### Exercise objective
Read the records beneath this task and copy every line that contains the string "with".

### Source data
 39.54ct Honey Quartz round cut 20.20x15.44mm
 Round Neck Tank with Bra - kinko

---

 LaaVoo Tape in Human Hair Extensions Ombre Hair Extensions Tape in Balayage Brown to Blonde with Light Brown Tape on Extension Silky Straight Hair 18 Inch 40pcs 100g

### Your response
 Round Neck Tank with Bra - kinko
 LaaVoo Tape in Human Hair Extensions Ombre Hair Extensions Tape in Balayage Brown to Blonde with Light Brown Tape on Extension Silky Straight Hair 18 Inch 40pcs 100g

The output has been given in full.